[Short web captions]
[Start of Attachment]

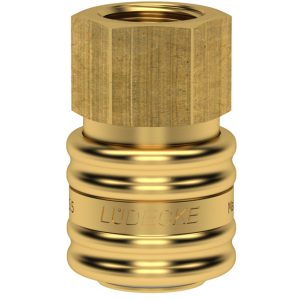 INDUSTRIE-ES-KUPPLUNG DN 5,5 G 1/4" IG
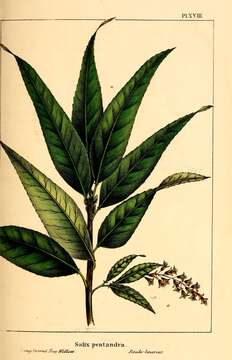 Imagem de Salix pentandra L.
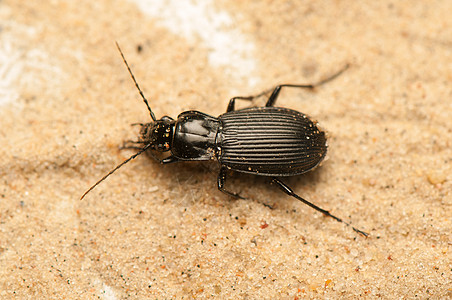 尼格尔人地面动物群昆虫学捕食者野生动物触角甲虫盖子照片眼睛图片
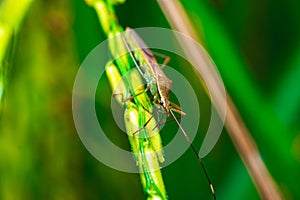 Green Leptocorisa insects perched on rice stalks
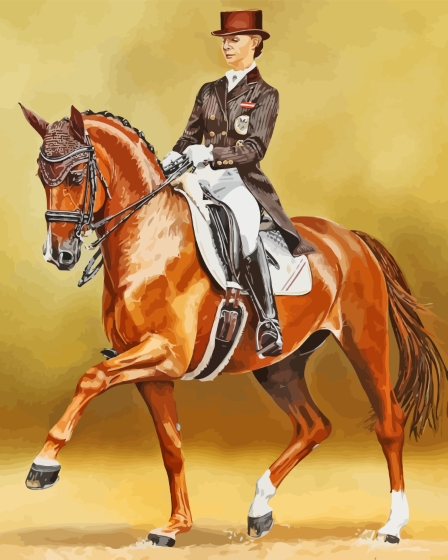 The Dressage Horse Rider Paint By Numbers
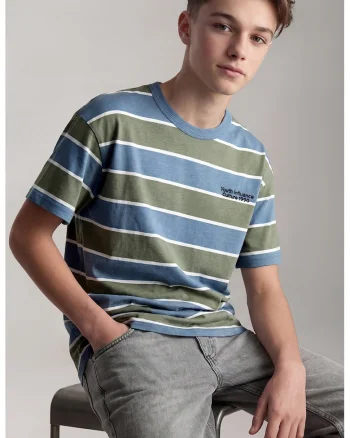 Tricou lejer din bumbac cu dungi, Sage Green/Albastru titan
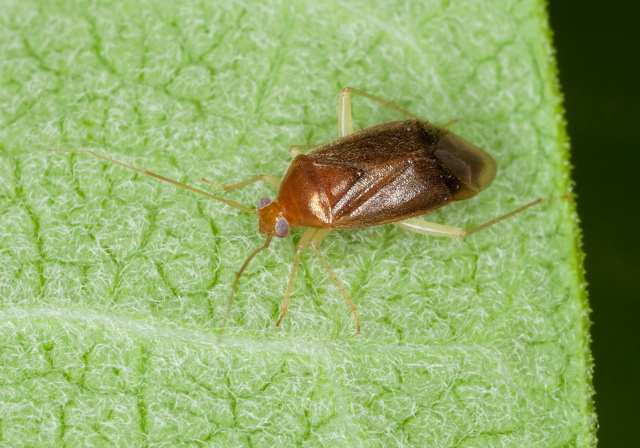 Neolygus sp. Miridae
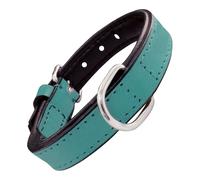 Collier pour Chien Gloria Rembourré Turquoise (50 x 2,5 cm)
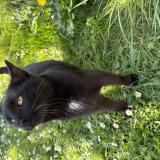 Foto de gato encontrado en Fontaines D Ozillac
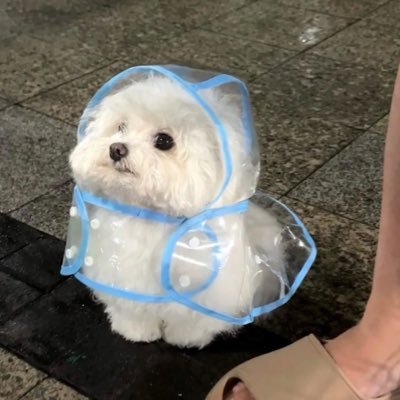 urfavesaddie's profile picture. 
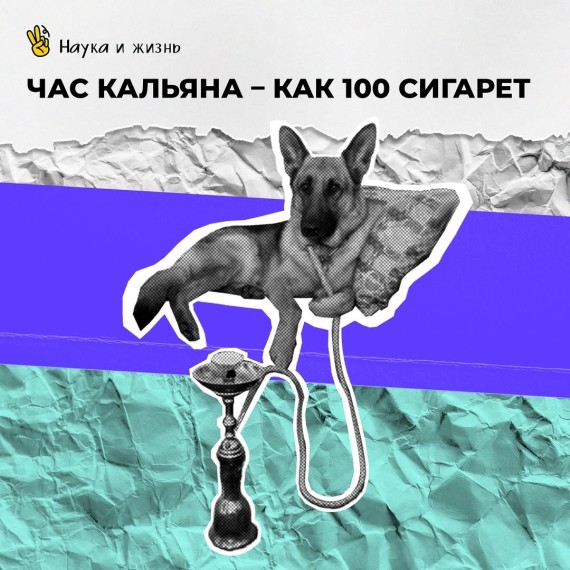 Час кальяна - как 100 сигарет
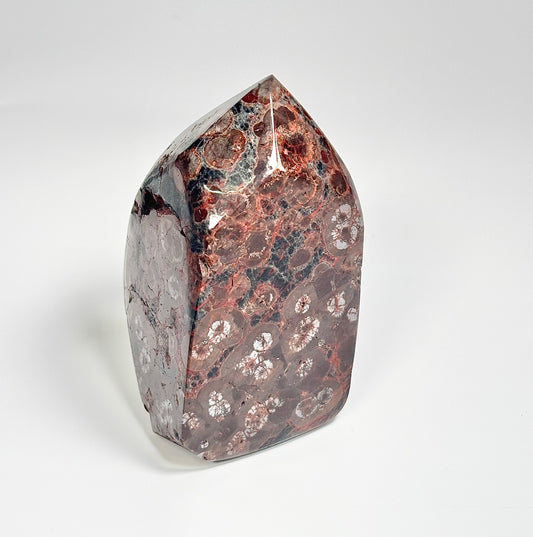 Peanut Obsidian Freeform 291g – Natural Fusion of Fire & Earth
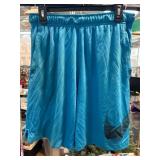Nike Dri-Fit Blue Athletic Shorts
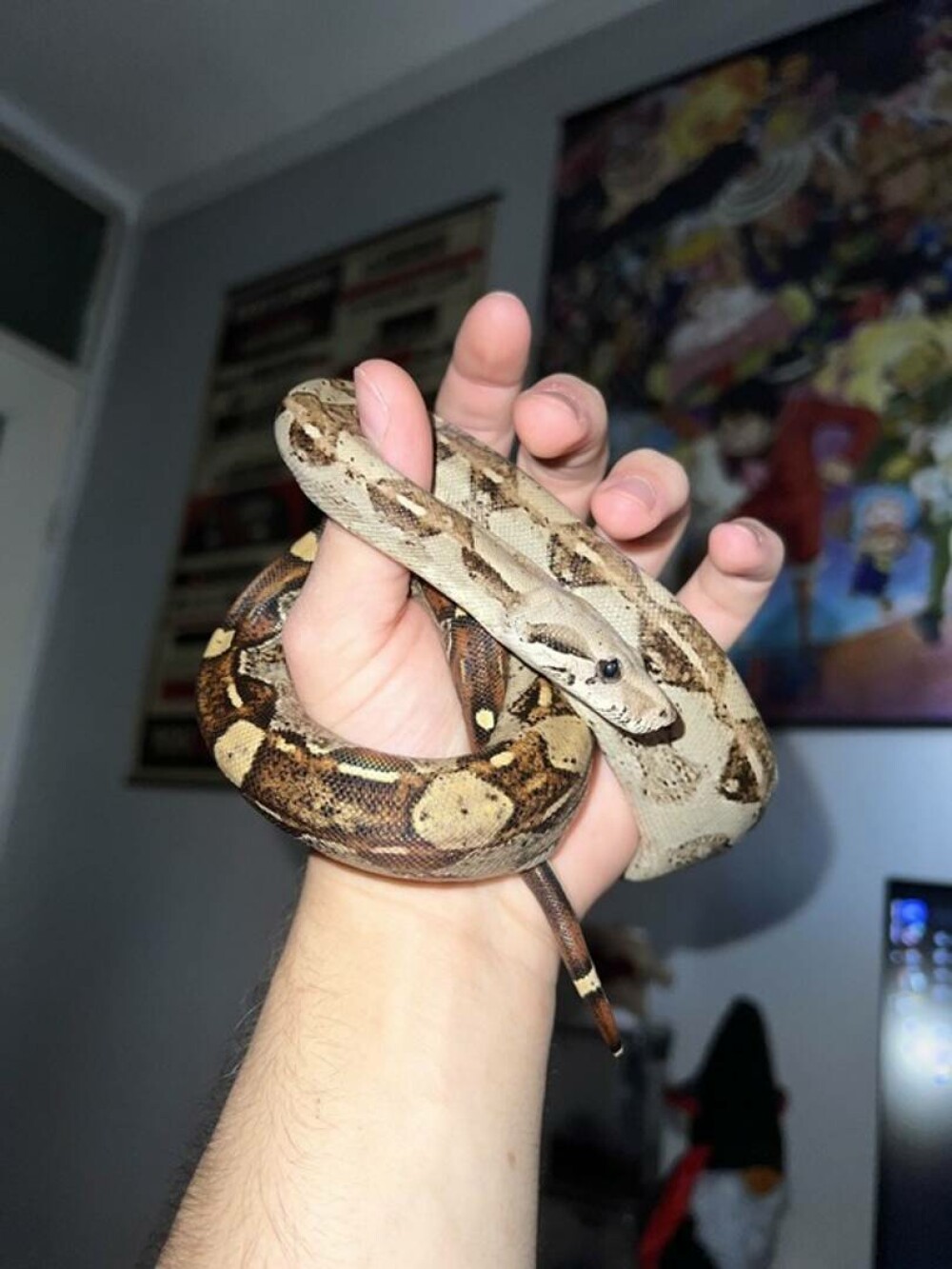 Crescătorie ilegală de reptile într-o locuință din Bihor. Erau și 2 vipere pentru care nu există ser antiviperin în România - Imaginea 4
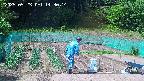kannonmori-20250523143016.jpg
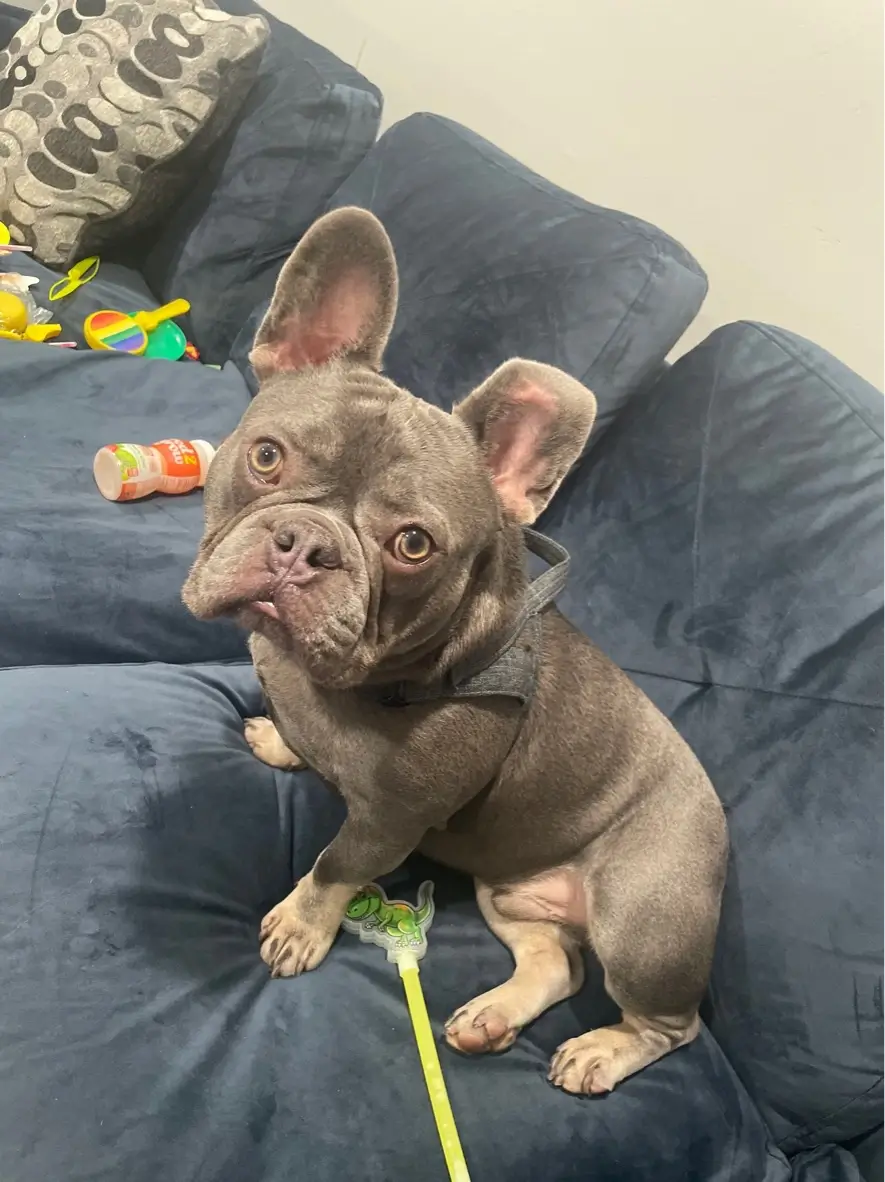 auroraberry (1).webp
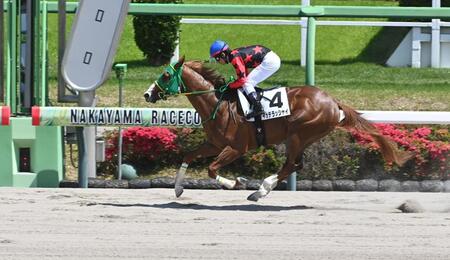 ６Ｒ３歳１勝クラスを勝ったイッテラッシャイ（撮影・持木克友）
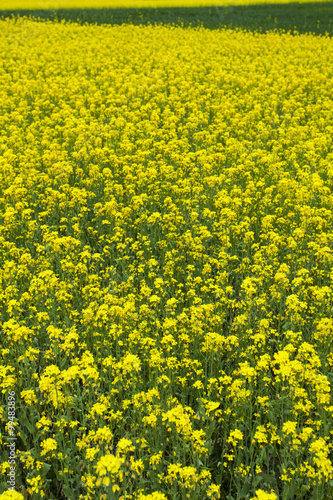 A field of rapeseed in full bloom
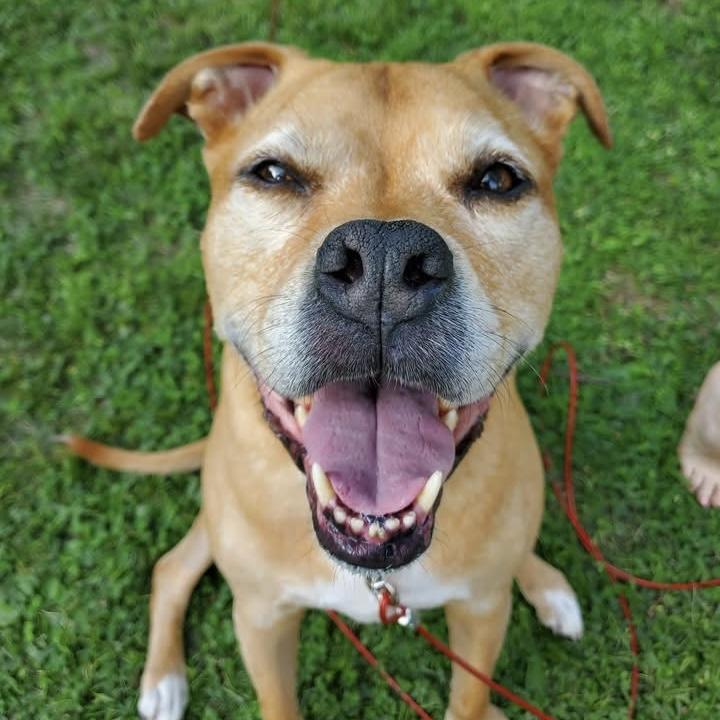 Ace, ADOPTABLE, Senior Male Pit Bull Terrier.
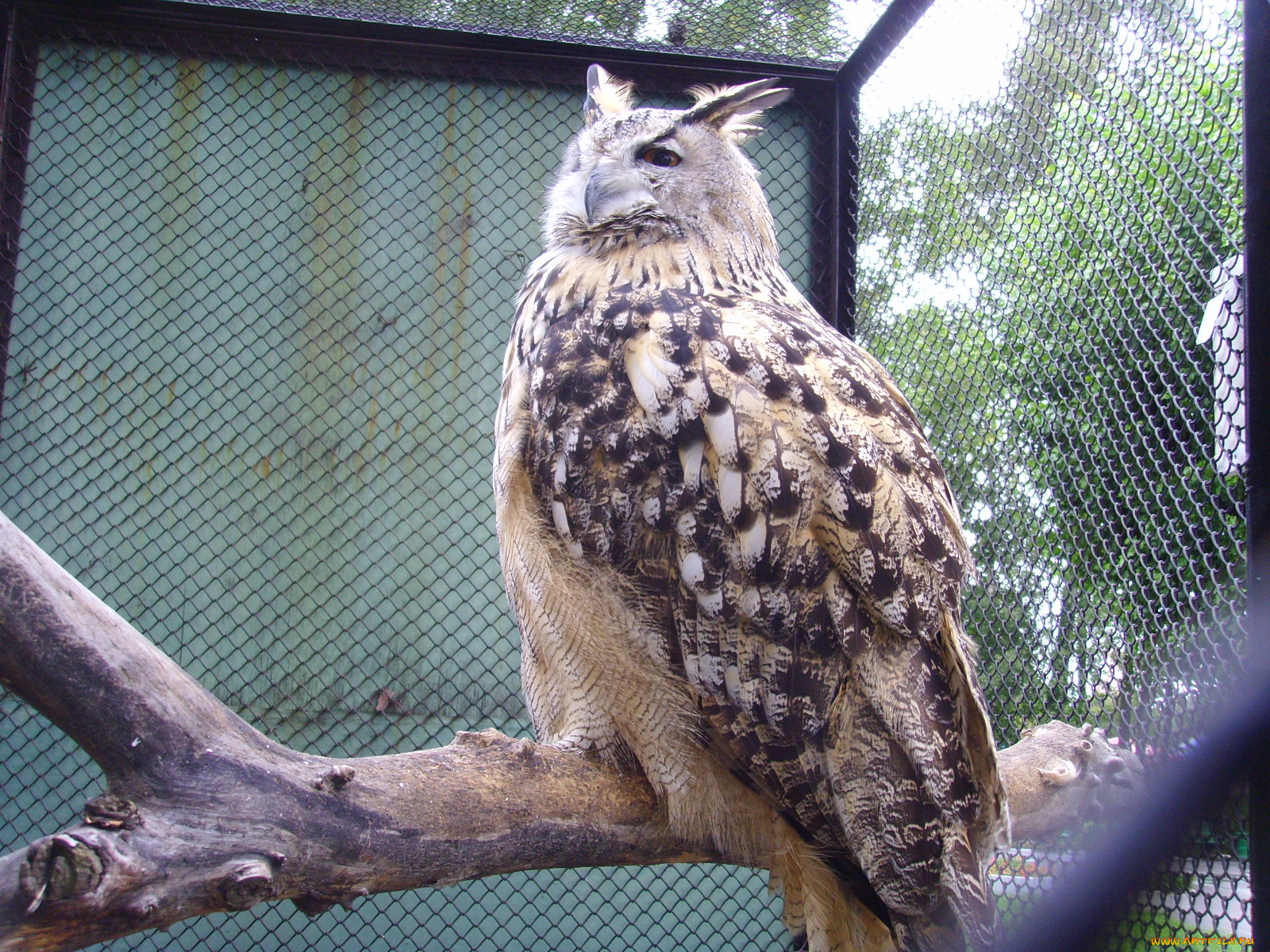 животные, совы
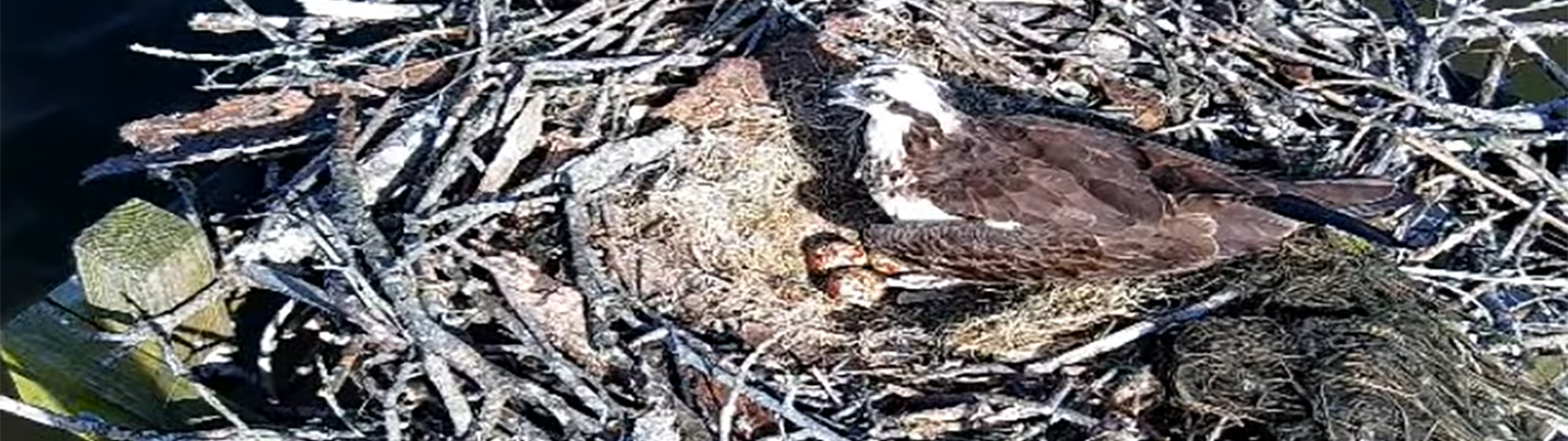 Osprey Nest Cam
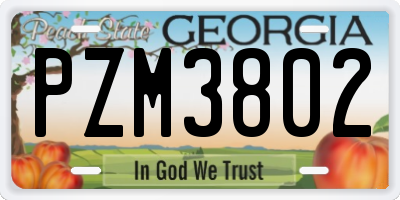 GA license plate PZM3802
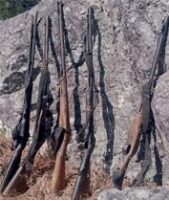 ओढारमा ५ नाल भरुवा बन्दुक फेला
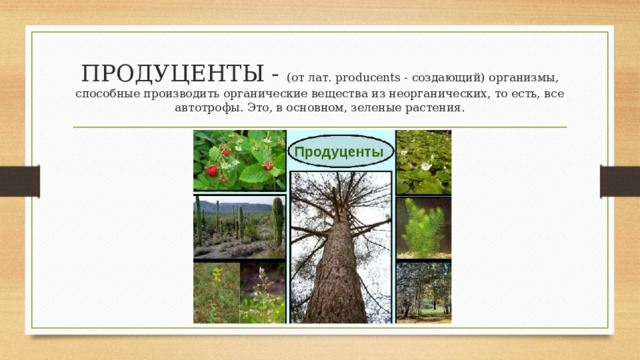 ПРОДУЦЕНТЫ - (от лат. producents - создающий) организмы, способные производить органические вещества из неорганических, то есть, все автотрофы. Это, в основном, зеленые растения.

[End of Attachment]

REQUIRED WORK> Give back the data exactly. Pictures stay out.

OUTPUT OF THE TASK>
 INDUSTRIE-ES-KUPPLUNG DN 5,5 G 1/4" IG
 Imagem de Salix pentandra L.
 尼格尔人地面动物群昆虫学捕食者野生动物触角甲虫盖子照片眼睛图片
 Green Leptocorisa insects perched on rice stalks
 The Dressage Horse Rider Paint By Numbers
 Tricou lejer din bumbac cu dungi, Sage Green/Albastru titan
 Neolygus sp. Miridae
 Collier pour Chien Gloria Rembourré Turquoise (50 x 2,5 cm)
 Foto de gato encontrado en Fontaines D Ozillac
 urfavesaddie's profile picture. 
 Час кальяна - как 100 сигарет
 Peanut Obsidian Freeform 291g – Natural Fusion of Fire & Earth
Nike Dri-Fit Blue Athletic Shorts
 Crescătorie ilegală de reptile într-o locuință din Bihor. Erau și 2 vipere pentru care nu există ser antiviperin în România - Imaginea 4
kannonmori-20250523143016.jpg
 auroraberry (1).webp
 ６Ｒ３歳１勝クラスを勝ったイッテラッシャイ（撮影・持木克友）
 A field of rapeseed in full bloom
 Ace, ADOPTABLE, Senior Male Pit Bull Terrier.
 животные, совы
 Osprey Nest Cam
 GA license plate PZM3802
 ओढारमा ५ नाल भरुवा बन्दुक फेला
 ПРОДУЦЕНТЫ - (от лат. producents - создающий) организмы, способные производить органические вещества из неорганических, то есть, все автотрофы. Это, в основном, зеленые растения.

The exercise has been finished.